Changes occur to CPT procedure codes every January 1st. Some get deleted, some updated, and others added. The list of new codes added for 2020 include 2 new procedure codes for dry needling: 20560 and 20561. This is great news for doctors who incorporate this service into their practice and for years have had to use an unspecified code. Before you start billing, make sure you have a good understanding of what these codes entail.

What is dry needling?

Dry needling is a procedure where a very thin needle is inserted into the skin and muscle, targeting myofascial trigger points. The depth of needle insertion, whether the needle is manipulated in any way while inserted, and the use of electrical stimulation in association with needling is at the provider’s discretion based on the patient’s condition. The goal of this treatment is to relieve pain, minimize the trigger points, and promote healing in the treated area.

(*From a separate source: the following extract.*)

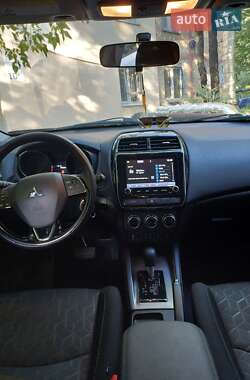 Внедорожник / Кроссовер Mitsubishi RVR 2020 в 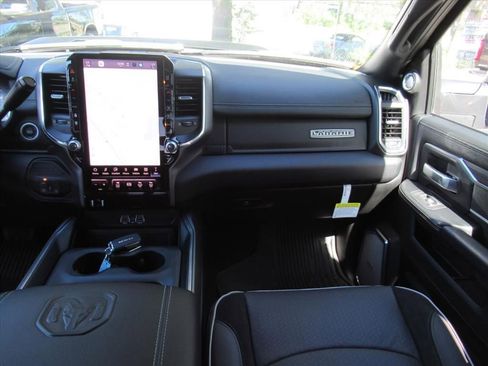 New 2026 RAM 2500 Laramie AWD/4WD image 15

Coding for dry needling is as follows:

  • CPT® Code 20560: Needle insertion(s) without injection(s), 1-2 muscles
  • CPT® Code 20561: Needle insertion(s) without injection(s), 3 or more muscles

These procedure codes are based on the number of muscles being treated. The number of needles used, and time spent with the patient is not taken into consideration when determining the appropriate code to use. Only one unit of this code can be billed per encounter. Dry needling can be performed on the same day and same spinal or body region as a manipulation (CPT ® Codes 98940-98943), massage (CPT ® Code 97124), or manual therapy (CPT ® Code 97140) due to the fact that dry needling requires a very different skill set to perform and the post service work, such as documentation and home care instructions, are different from what is required for other chiropractic and soft tissue services.

Is dry needling covered by your patients provider?

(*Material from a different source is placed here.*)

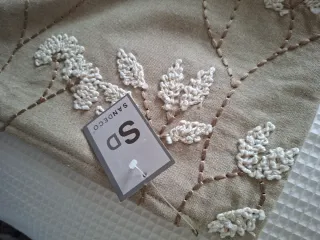 Cojines decorativos beige con flores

Even if dry needling is within a provider’s scope of practice, it does not mean that payers will reimburse for this service. Many third-party payers consider dry needling to be “experimental and investigational” and consider it an excluded service. Locate and review the Medical Review Policies for any payers your office commonly bills to and verify patients’ insurance benefits to confirm if they provide coverage for this service. Some require that patients sign a notice of non-coverage prior to receiving treatment to ensure they are aware of their personal financial responsibility.

Having specific procedure codes for dry needling is extremely helpful for office statistics whether it is a cash or insurance reimbursed service. As with all diagnosis and procedure codes, stay informed on the yearly changes and update your internal paperwork, fee schedule, and billing system as needed.